Until the day when a shugendô practitioner, who came to visit Dewa Sanzan, stumbled across Oyama's villagers on a 5th of June. He was surprised to see such an extravagant, expensive-looking festival where people would have faces as sad as a dead leaf on the ground.
He couldn't help himself but asking one of them:
"What is it you are celebrating? Why are you all so sad?"
"We are bringing our prettiest little girl to be killed by the demons of Sugio Shine," a villager answered.
"Demons? Killed? What?," the gentleman was puzzled.
He thought for a second that the villager was out of his mind and that what he told him was total nonsense, but still, he had to check it with his own eyes. He followed the parade until Sugio Shrine without being noticed, and managed to hide himself behind a rock.
As he was waiting for something to happen, he got more and more convinced that the villager was completely lying.
Then, all of a sudden, in the dark night, the demons appeared. Grosser, scarier than everything he had seen in his life.
The demons took the little girl out of the carriage, and lied her down on a flat rock. As they were tearing her in pieces, they were joyfully singing something that said:
"May Mekke Inu never know any of this"
They took a part of the poor girl's body and went back to the void they were coming from, happy at the idea of doing it again next year.
Now the shugendô man knew. He knew the villager told true. Every year, atrocious demons were slaughtering a little girl for their own fun. And seemingly, they had something to be afraid of a certain Mekke Inu. A good samaritan like him couldn't let those things happen any more.
He decided to seek that Mekke Inu to defeat the monsters.
After a long research throughout all Japan, the practitioner finally arrived in Kyôto, where Mekke Inu was said to be living.
He went screaming all around the city: "Mekke! Mekke!"
And it is at the corner of a little teahouse he found the dog, playing with a cow.

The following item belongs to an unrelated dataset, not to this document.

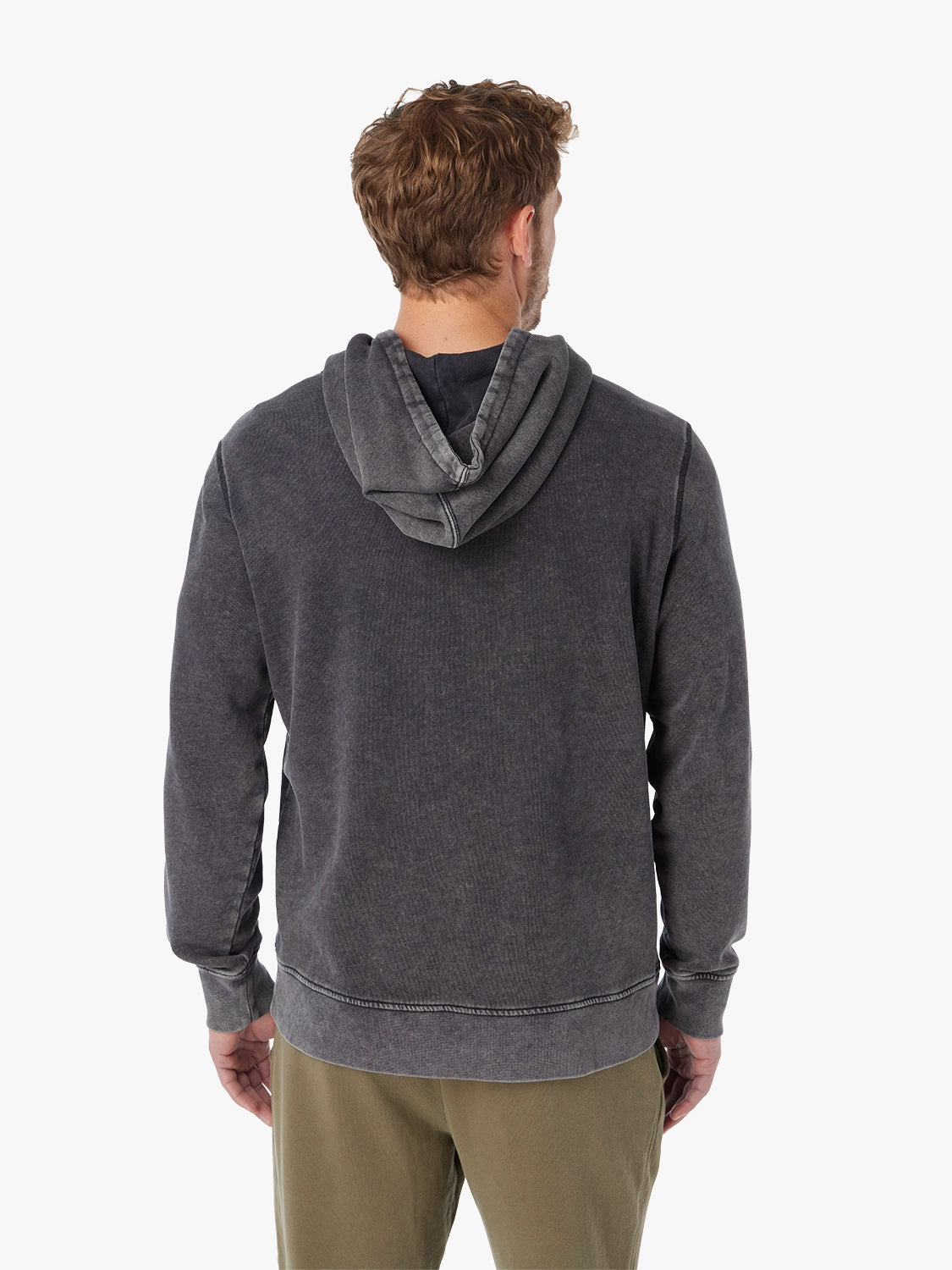 Person wearing black saltaire hoodie from behind on a white background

Mekke answered immediately, but the shugendô practitioner was surprised to see the dog was nothing but an ordinary dog.
"Well, there's nothing else I can try," thought the gentleman, while bringing the dog with him.

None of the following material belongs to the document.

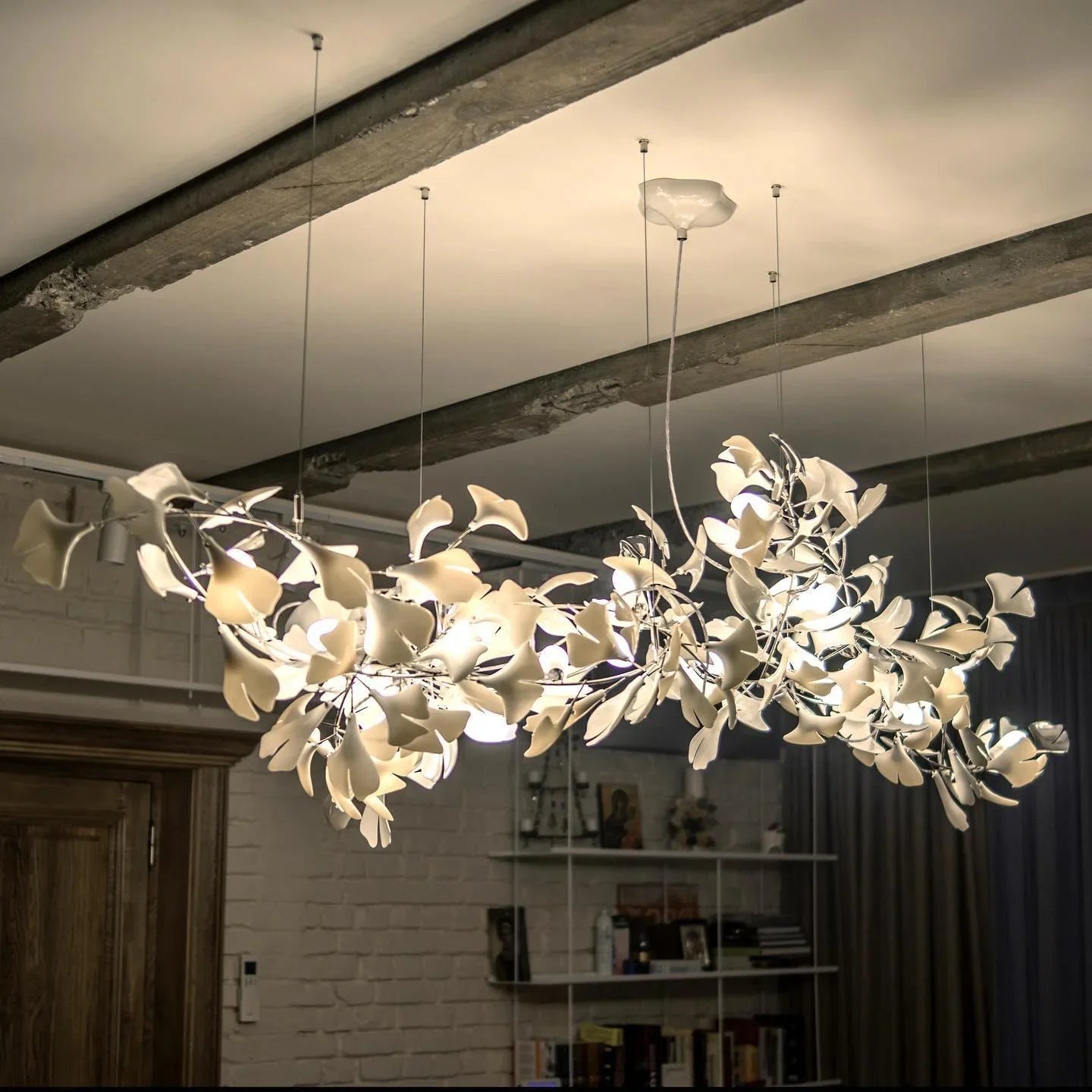 Modern gold and white gingko leaf chandelier suspended from a ceiling with exposed beams in a cozy room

When the practitioner went back to Oyama, it was already the 5th of June.
He had to think fast, of a way to bring the dog to the demons without being noticed. By chance, the kago had doors on the sides. When closed, there was no way to distinguish what's inside. He convinced the villagers to give his idea a try, and put Mekke the dog inside the kago.

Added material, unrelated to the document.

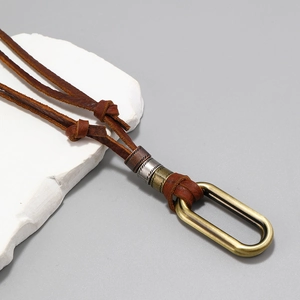 Adjustable long leather sweater necklace with vintage mixed metal rings on white stone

The villagers brought the kago as usual in Sugio Shrine's forest, but everybody was afraid that the plan would fail.
Then they left, without turning back.
When they came back, hours later, the Demons weren't there to torment them as usual. They were gone!
But when looking at the ground, they saw Mekke Inu, agonizing from his battle wounds.
Mekke the dog fought to death to protect the humans of Oyama village.
The villagers were very sad about the dog's death. Moved by his tremendous courage, and his strong loyalty to humans, they decided to create a festival, that every year, would celebrate his heroic deeds. Sugio Shrine also dedicates some altars to Mekke Inu who replaces the traditional komainu dogs in the Japanese shrines.
In summary, Oyama Inu Matsuri is a festival that celebrates dogs' courage and loyalty to their masters, sometimes at the cost of their life.
People gather every year in Oyama, with their beloved dog, to show them all the gratefulness they have for being so loyal and loving. Oyama Inu Matsuri is a real tribute to all the dogs in the world.
The festival begins at 11:30 am. It consists of large and colorful karaguri (big decorated festival carriage), processions of young ladies dressed in kimonos, and historical reenactment of the karinyôbô offering. A small dog parade is also organized by the dogs lovers of the region. You can participate for free, but the number of participants is limited. The festival ends generally around 18:00 at Sugio Shrine. Just follow the horse riders and the samurai to see where to go next.